Regarding tactfulness, I am who I am, unfortunately. There is only so much I can do about my ability to emotionally empathize with others. I don't have autism (thank God) but I am very logically (rather than emotionally) minded, and as such, that is how I treat those who are under my leadership. Some will agree that my methods are simply just other valid ways to go about this. I think that most people would agree to that, hence why I encourage others to form their own opinion about my past methods. All that said, I will in the future, if there is a future, try to work on this.
Regarding graceful, you might say some of the decisions I made in originally constructing this club --ahem, this group-- were born from me being slightly socially inept, and too whimsical, but I believed then, as I do now, that a little bit of whimsy can be a wonderful thing when we simply stop being ashamed of it! When I look back at the mistake that was the group motto, part of my gets a warm feeling from the inviting and friendly nature of the word choice. After all, aren't many video games whimsical, and does that often add to the experience? I can see it from your perspective now, and I agree that one man's warm feelings from a motto can be another man's new-born skepticism of the quality of the reviews/ mental maturity of the reviewers. The same goes for any other decision I made that was similarly very whimsical. That is why I agreed to tone everything down. I only kept the name of the group, did I not? I'm not sure why we are still talking about this as though I didn't already learn my lesson many months ago.
Regarding humility, however, I firmly disagree with you. I am definitely no anarchist, despite being moderately-libertarian. One reason among others is because I believe anarchy is incompatible with the teachings of Christianity, of which I am firmly a part of. I believe mankind is naturally inclined to do the selfish thing. Without the authority of my monotheistic God (and by extent the law and order he so strongly asserted), the United States would be a horrendously worse place to live in. Rules such as "If a man [...] swears an oath to bind himself by a pledge, he shall not break his word" are God's prophet's rules, not my own, and I will enforce them as hard as he would want me to, even in a slightly casual setting such as this. Putting God's rules before my own is what I call being humble. Feel free to call me out on individual things, and one by one, I can double check to see if that is what the Bible would have wanted me to do or say. If I find I was in the wrong, then I will apologize and fix my ways.

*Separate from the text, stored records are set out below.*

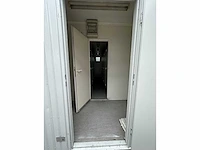 Jan snel sanitairunit 6x3meter 8 douches - afbeelding 6 van  10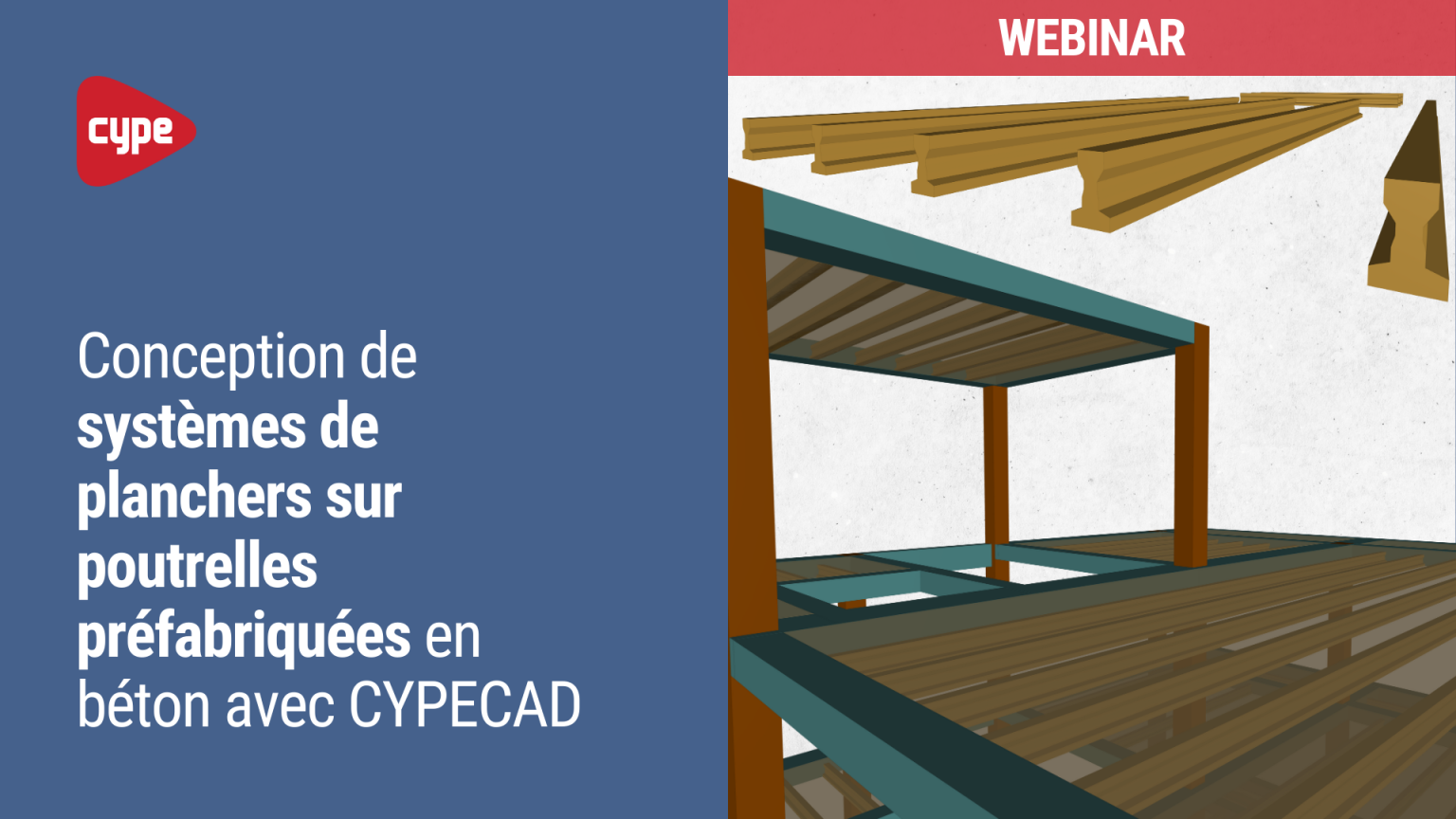 Lancement de la version 2025.c de CYPE archivos - Learning | Cype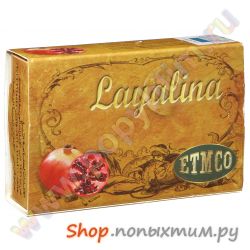 Табак для кальяна Layalina Гранат 50 г.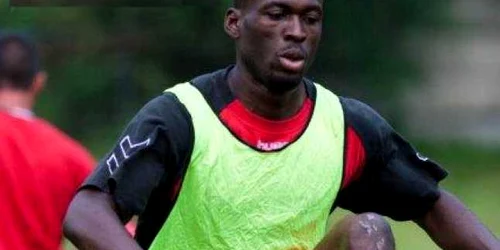 Jean Christian Njoh N’ Kongue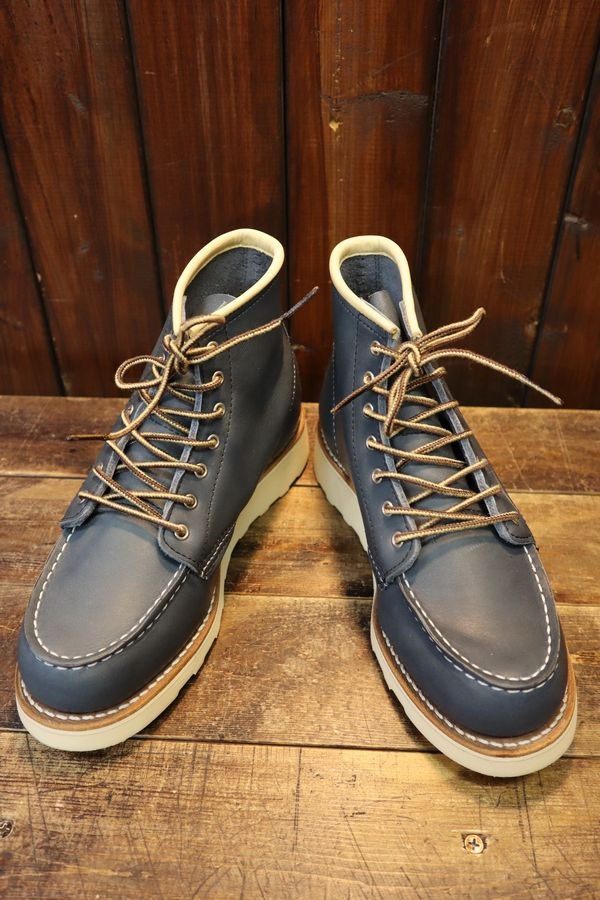 RED WING ��åɥ����󥰡�3353��6" CLASSIC MOC��6����� ���饷�å���å��� WOMEN
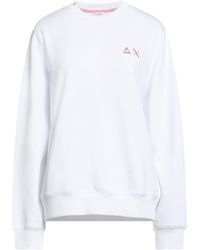 Sun 68 - Sweatshirt - Lyst
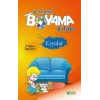 Etkinlikli Boyama Kitabı Eşyalar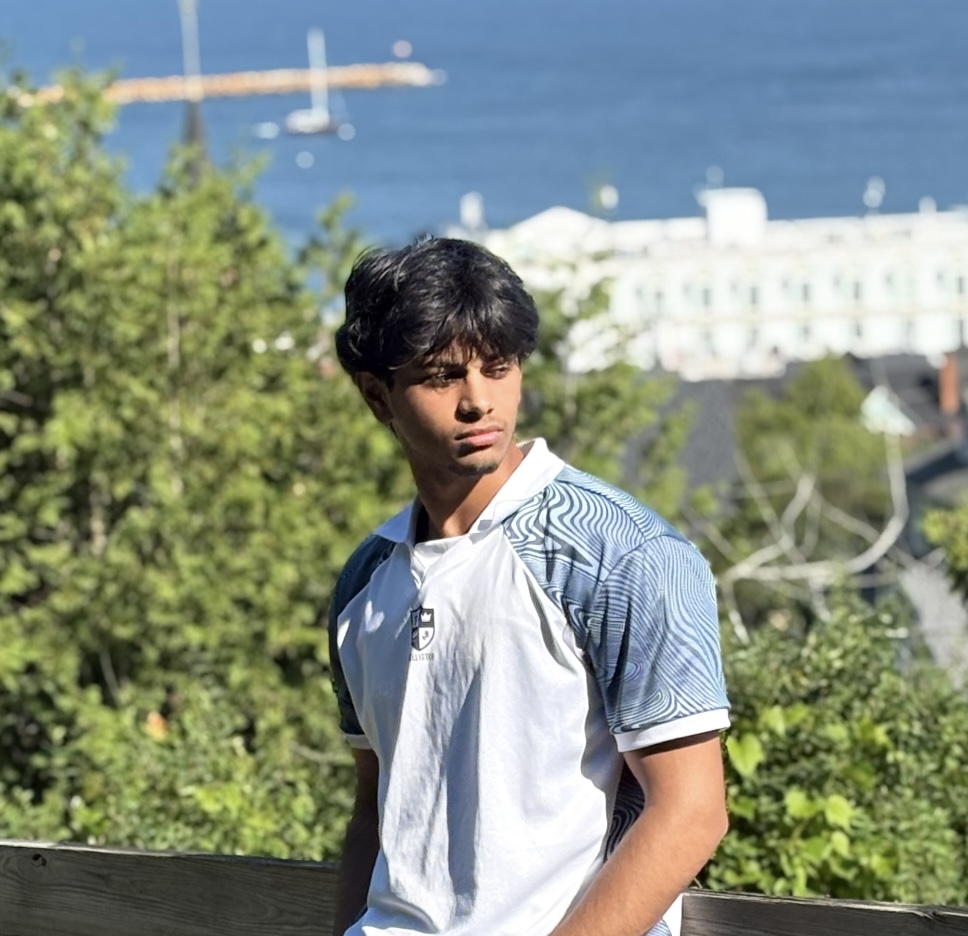 Hassan Khan - Founder & CEO of NeuroTrade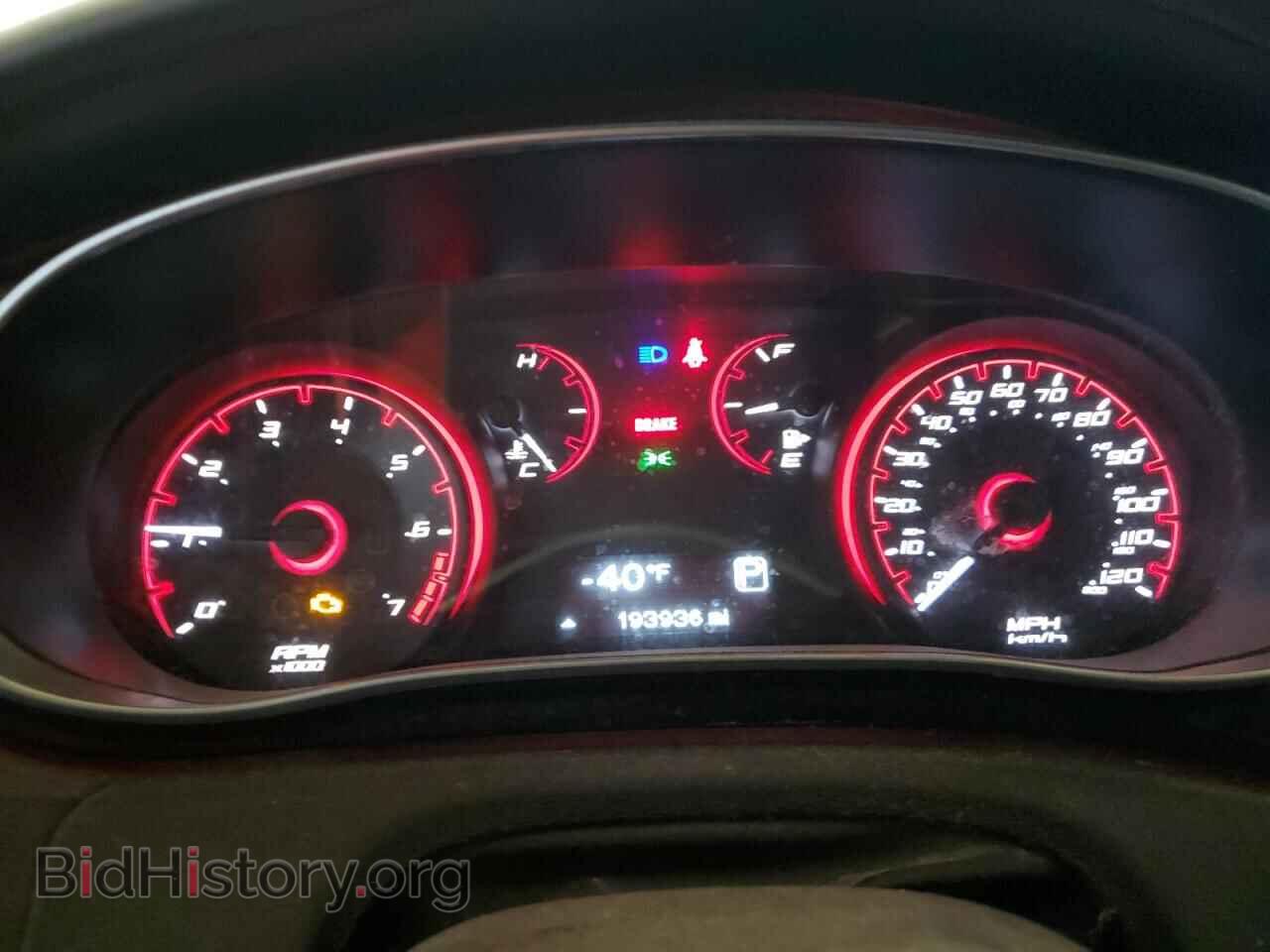 2015 DODGE DART - VIN: 1C3CDFBB3FD128953 - Фото 9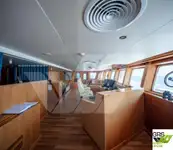 Navio de cruzeiro à venda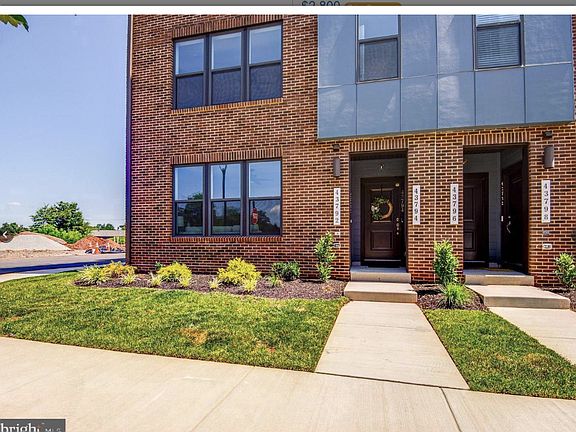 3 Bedrooms_ 2Full Bathrooms_1 Half Bath_ Balcony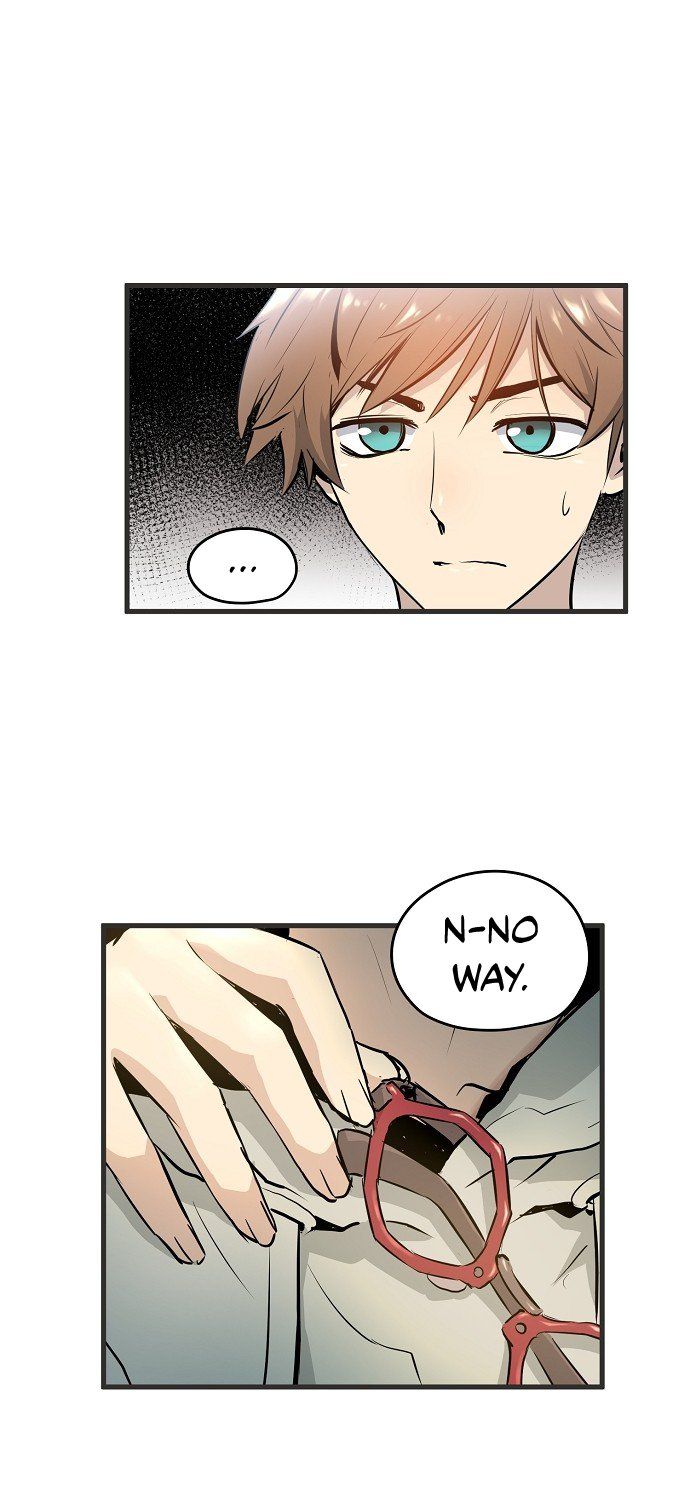 Promised Orchid Manhwa - Chapter 7 Page 35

You and I define respect differently. I think holding people accountable, is showing them respect. You believe being kind and forgiving is how to show respect, and while I can appreciate those values, I think it is a misguided way to view respect.
EDIT:
@chance I like your idea regarding the one review barrier to membership. If the group survive, or if I get a chance at starting over, I'll remember that. Thank you for being a mediator. I'm sorry you don't like the idea of the review clubs, and I'd love to hear your reasons why.